In this work, we investigated the impact of an engineered HTL on the EL stability of QDLEDs. Tris-PCz HTL, which has a shallow LUMO energy level, was utilized to confine electron overflow toward the HTL and to prevent HTL degradation caused by electrons. Inverted red QDLEDs were fabricated using the Tris-PCz HTL and were compared with devices fabricated under the same conditions using CBP HTL. The results demonstrate that by replacing CBP with Tris-PCz, an LT50 of 161,000 h (at a luminescence of 100 cd m−2) for red QDLEDs using a conventional core/shell QD emitter is achieved, 20× longer than QDLEDs with CBP HTL. The electrical and optoelectronic studies indicate not only that the migration of excess electrons is blocked by the up-shifted LUMO level of Tris-PCz, but also that the presence of accumulated electrons expedites the hole injection rate.

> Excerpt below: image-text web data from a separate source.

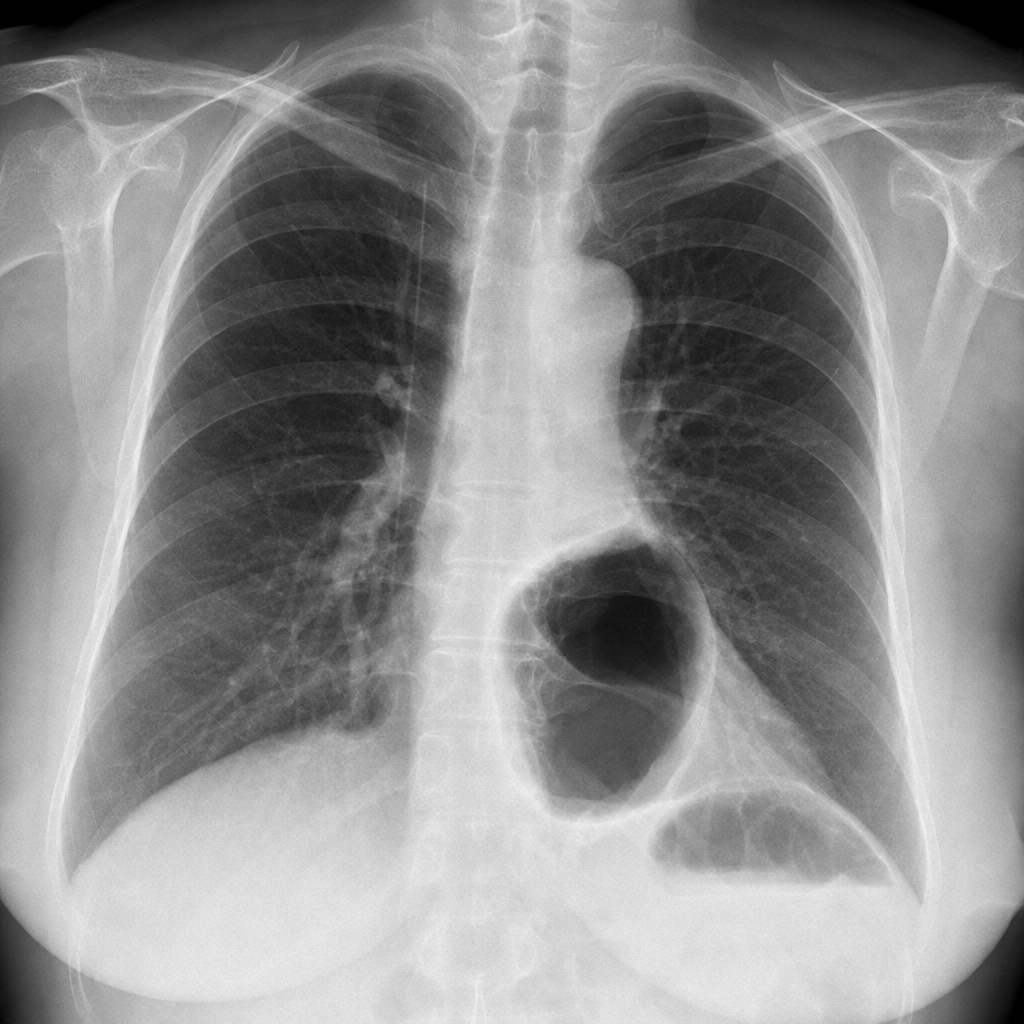 Image for question 72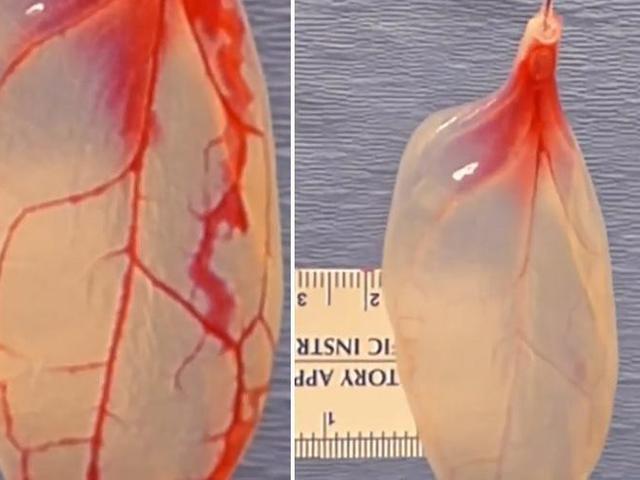 Ilmuwan Tumbuhkan Jantung Manusia Di Selembar Daun Bayam Global Liputan6 Com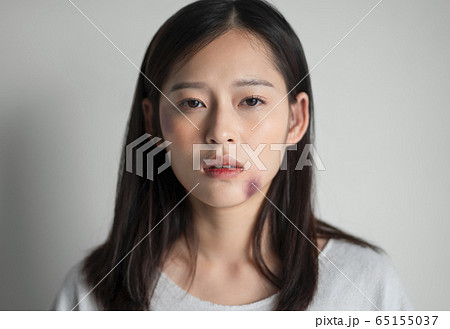 身体に傷のある若い女性 65155037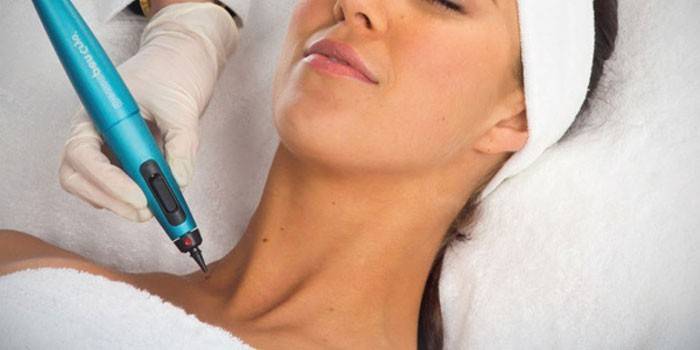 Ablation d'une tumeur au laser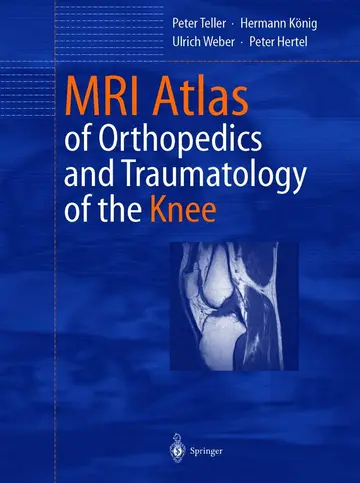 Cover of MRI Atlas of Orthopedics and Traumatology of the Knee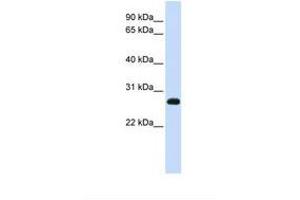 Image no. 1 for anti-Synaptosomal-Associated Protein, 23kDa (SNAP23) (AA 38-87) antibody (ABIN6738479) (SNAP23 antibody  (AA 38-87))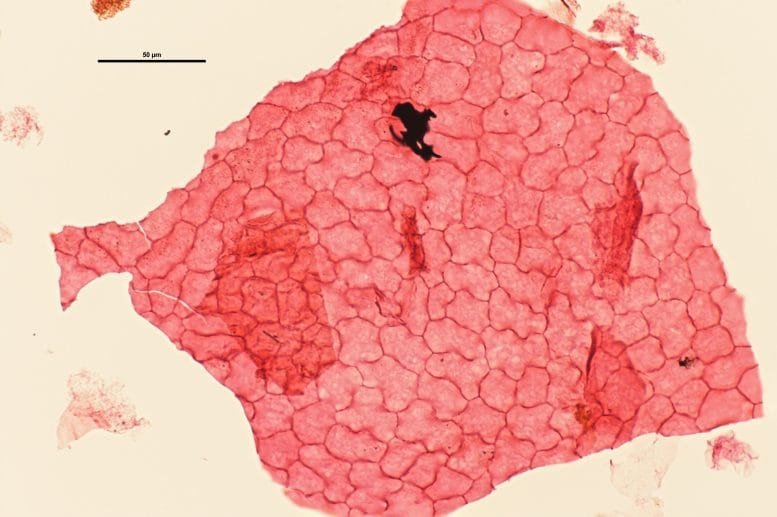 Fossilized Leaf Cuticle From Dense Forest
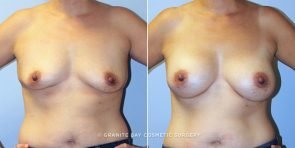 breast-augmentation-9140a-clark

This leads to a better charge injection balance as well as effective confinement of the exciton recombination zone within the QD layer, subsequently enhancing device stability. This work sheds light on the importance of HTL engineering in QDLEDs stability and also holds the promise of realizing stable QDLEDs for use in applications that require high stability.

Methods

QDLED fabrication

The QDLEDs were fabricated on 100 nm thick ITO-patterned glass substrates (Kintec) with a sheet resistance of 20 Ω sq−1. The ITO substrates were cleaned using Micro 90 (Cole-Parmer), and subsequently sonicated with deionized water, acetone, and isopropanol solutions in sequence. Following the cleaning process, the substrates underwent a 5-min oxygen plasma treatment to enhance surface wettability. 30 mg mL−1 ZnO NPs dispersed solution (SkySpring Nanomaterials, Inc.), filtered two times through a 0.22 μm polypropylene filter, was spin-coated onto the substrates at 3000 rpm, followed by baking at 400 °C on a hotplate for 30 min. 12.5 mg mL−1 red CdSe/ZnS QDs (Mesolight Inc.) suspended in octane, with a peak EL emission wavelength of 630 nm and a 75% PL quantum yield (PLQY), were spin-coated at a 3000 rpm and then annealed at 50 °C for 30 min. Subsequently, CBP (Angstrom Engineering), Tris-PCz (Luminescence Technology), HATCN (Angstrom Engineering), MoO3 (Angstrom Engineering), and Al (Angstrom Engineering) with thicknesses of 50 nm, 50 nm, 10 nm, 5 nm, 100 nm, respectively, were deposited at rates of 0.1–2 Å s−1 in an Angstrom Engineering EvoVac thermal evaporation chamber at a base pressure of 5 × 10−6 Torr. All deposition processes were performed in a nitrogen-filled glove box and vacuum chamber.

QDLED characterization

The luminance of the QDLEDs was measured using a Minolta Chroma Meter CS-100, and current–voltage–luminance measurements were conducted with an Agilent 4155C semiconductor parameter analyzer connected to a silicon photodiode. Spectral measurements of the QDLEDs were obtained using an Ocean Optics QE65000 spectrometer. EL lifetime measurements were carried out in an M6000PLUS OLED Lifetime Test System, maintaining a constant driving current at 20 mA cm−2. Capacitance–voltage characteristics were measured using a Keithley 4200 semiconductor analyzer with a capacitance–voltage unit (4215-CVU). The capacitance was measured using an AC voltage with a 20 mV room-mean-square amplitude and a frequency of 10 kHz.